Maintaining a portfolio is a difficult process. Preserving its returns and growing it further is an even more difficult task. It takes a lot of skill, patience, and understanding of the market to be able to “hold on to your winners and let go of your losers.” But what if you can systematically remove securities that are no longer providing you the performance to meet your financial goals in your strategy? Sounds interesting right? Then let me introduce the concept of portfolio rebalancing.

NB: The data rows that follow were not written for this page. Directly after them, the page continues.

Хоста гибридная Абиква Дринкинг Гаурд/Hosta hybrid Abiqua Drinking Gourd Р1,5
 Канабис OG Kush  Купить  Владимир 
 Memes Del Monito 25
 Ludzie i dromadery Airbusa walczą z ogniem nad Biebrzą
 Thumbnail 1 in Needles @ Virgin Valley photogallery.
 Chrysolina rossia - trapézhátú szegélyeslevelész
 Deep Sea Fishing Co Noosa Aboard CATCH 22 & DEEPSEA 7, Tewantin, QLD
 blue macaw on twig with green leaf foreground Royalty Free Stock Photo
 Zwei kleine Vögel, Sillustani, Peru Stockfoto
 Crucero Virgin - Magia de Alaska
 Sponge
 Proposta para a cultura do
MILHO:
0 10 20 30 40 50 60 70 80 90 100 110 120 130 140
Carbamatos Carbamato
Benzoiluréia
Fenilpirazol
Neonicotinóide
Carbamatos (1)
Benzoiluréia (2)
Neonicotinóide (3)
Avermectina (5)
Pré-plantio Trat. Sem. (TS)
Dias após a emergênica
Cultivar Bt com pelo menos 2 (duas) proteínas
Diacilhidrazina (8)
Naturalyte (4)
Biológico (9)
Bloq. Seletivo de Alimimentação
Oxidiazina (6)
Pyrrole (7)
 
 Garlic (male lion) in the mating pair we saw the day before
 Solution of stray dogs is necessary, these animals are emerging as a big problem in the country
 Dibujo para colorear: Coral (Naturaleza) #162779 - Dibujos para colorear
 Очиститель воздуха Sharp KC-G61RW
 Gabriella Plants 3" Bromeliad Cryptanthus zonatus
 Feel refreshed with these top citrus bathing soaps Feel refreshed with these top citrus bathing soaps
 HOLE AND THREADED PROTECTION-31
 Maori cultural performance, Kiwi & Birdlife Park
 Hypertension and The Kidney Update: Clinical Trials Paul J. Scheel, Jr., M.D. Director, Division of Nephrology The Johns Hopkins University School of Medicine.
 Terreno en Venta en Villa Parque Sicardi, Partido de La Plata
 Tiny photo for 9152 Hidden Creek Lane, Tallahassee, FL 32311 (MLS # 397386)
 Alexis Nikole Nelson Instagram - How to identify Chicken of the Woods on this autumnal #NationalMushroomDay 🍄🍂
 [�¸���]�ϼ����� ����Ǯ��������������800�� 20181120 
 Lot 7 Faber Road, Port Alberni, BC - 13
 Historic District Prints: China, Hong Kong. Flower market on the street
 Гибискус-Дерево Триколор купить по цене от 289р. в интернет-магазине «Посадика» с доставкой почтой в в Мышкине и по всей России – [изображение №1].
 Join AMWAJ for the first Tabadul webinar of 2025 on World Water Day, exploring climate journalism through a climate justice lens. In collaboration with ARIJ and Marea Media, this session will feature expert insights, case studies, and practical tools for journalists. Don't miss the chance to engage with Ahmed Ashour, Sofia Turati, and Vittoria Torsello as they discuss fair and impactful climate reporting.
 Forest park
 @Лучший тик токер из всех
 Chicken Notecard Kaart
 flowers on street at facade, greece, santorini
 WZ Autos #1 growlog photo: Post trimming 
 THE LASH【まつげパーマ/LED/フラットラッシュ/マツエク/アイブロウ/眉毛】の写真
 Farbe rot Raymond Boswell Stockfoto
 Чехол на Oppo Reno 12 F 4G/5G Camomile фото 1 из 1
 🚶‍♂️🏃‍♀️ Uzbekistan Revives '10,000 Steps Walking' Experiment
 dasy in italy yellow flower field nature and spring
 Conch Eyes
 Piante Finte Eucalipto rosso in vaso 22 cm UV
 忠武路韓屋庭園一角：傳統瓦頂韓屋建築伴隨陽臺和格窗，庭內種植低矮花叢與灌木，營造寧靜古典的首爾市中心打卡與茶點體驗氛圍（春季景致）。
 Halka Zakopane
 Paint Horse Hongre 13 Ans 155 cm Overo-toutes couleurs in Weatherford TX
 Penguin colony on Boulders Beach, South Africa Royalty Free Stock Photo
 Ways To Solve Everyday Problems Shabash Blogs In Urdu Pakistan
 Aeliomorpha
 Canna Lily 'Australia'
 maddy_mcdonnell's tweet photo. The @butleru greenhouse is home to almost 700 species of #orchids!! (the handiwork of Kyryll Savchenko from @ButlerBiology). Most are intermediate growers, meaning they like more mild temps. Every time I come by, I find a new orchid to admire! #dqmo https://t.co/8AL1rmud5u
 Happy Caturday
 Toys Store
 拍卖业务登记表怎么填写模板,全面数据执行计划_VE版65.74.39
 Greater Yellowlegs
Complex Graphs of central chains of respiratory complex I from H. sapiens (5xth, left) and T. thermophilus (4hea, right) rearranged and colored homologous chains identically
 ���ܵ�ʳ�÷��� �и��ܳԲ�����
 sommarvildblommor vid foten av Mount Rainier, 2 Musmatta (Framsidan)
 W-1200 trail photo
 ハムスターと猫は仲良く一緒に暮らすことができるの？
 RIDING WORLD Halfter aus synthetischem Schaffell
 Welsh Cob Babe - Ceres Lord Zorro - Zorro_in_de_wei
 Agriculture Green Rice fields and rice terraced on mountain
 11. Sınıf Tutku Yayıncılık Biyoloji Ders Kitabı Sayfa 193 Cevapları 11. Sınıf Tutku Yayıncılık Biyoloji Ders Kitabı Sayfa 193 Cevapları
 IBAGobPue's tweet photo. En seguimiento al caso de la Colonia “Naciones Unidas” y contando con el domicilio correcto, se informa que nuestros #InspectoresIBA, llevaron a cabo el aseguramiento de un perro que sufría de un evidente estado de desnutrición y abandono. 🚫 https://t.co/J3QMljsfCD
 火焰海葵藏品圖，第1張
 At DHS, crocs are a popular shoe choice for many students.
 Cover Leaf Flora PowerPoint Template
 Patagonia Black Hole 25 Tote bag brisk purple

What is portfolio rebalancing?

Portfolio rebalancing is an investment strategy used to maintain a desired amount of allocation or exposure of an investment portfolio to certain assets, sectors, factors, or securities. This involves periodically realigning a portfolio’s composition to various types of holdings for investments to ensure that the portfolio remains consistent with the prescribed level of risk tolerance and long-term financial goals for holdings like retirement investments

Original Holdings

After Rebalancing

Understanding Portfolio Rebalancing

It is important to be familiar with the general ideas about the concept to better understand how to rebalance your portfolio.

Asset Allocation

Asset allocation is a method used to divide investments among different asset classes, factors, etc., and see a portfolio’s exposure to a certain asset, sector, or other factors and determine which areas they can optimize risk and return. It is one of the foundations of an investment portfolio that plays a crucial role in helping achieve an investor’s long-term financial goal. With the diversification into different asset classes, sectors, or different factors, investors may reduce the impact of large market movements and potentially enhance returns.

Portfolio Drift

Due to the varying performance of different asset classes, sectors, etc., the initial asset allocation of a portfolio can change from its original intended weighting. This drift can lead to exposure to unintended risks or over-concentrated positions. The portfolio is employed to restore its intended allocation composition and align it to the desired risk profile.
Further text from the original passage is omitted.